All medicines may cause side effects, but many people have no, or minor, side effects.
Check with your doctor if any of these most common side effects persist or become bothersome:
Breast tenderness; bleeding or spotting between menstrual periods; nausea; stomach cramps or bloating; vomiting; weight gain.

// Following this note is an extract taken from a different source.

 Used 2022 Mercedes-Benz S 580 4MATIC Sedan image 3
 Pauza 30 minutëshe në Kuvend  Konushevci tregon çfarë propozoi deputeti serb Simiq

Seek medical attention right away if any of these severe side effects occur:
Severe allergic reactions (rash; hives; itching; difficulty breathing; tightness in the chest; swelling of the mouth, face, lips, or tongue; unusual hoarseness); breast lump or discharge; calf or leg pain, swelling, or tenderness; change in the amount of urine produced; chest pain or heaviness; confusion; coughing of blood; fainting; irregular heartbeat; left-sided jaw, neck, shoulder, or arm pain; mental or mood changes (eg, depression); migraines; missed menstrual period; numbness of an arm or leg;
one-sided weakness; persistent, severe, or recurring
headache or dizziness; persistent vaginal spotting; severe or persistent
trouble sleeping; severe stomach pain or tenderness; shortness of breath;
slurred speech; sudden severe vomiting; swelling of the fingers, hands, legs,
or ankles; symptoms of liver problems (eg, yellowing of the skin or eyes,
fever, dark urine, pale stools, loss of appetite); unusual or severe vaginal
bleeding; unusual tiredness or weakness; vaginal irritation or discharge;
vision changes (eg, sudden vision loss, double vision).
This is not a complete list of all side effects that may occur. If you have questions about side effects, contact your health care provider.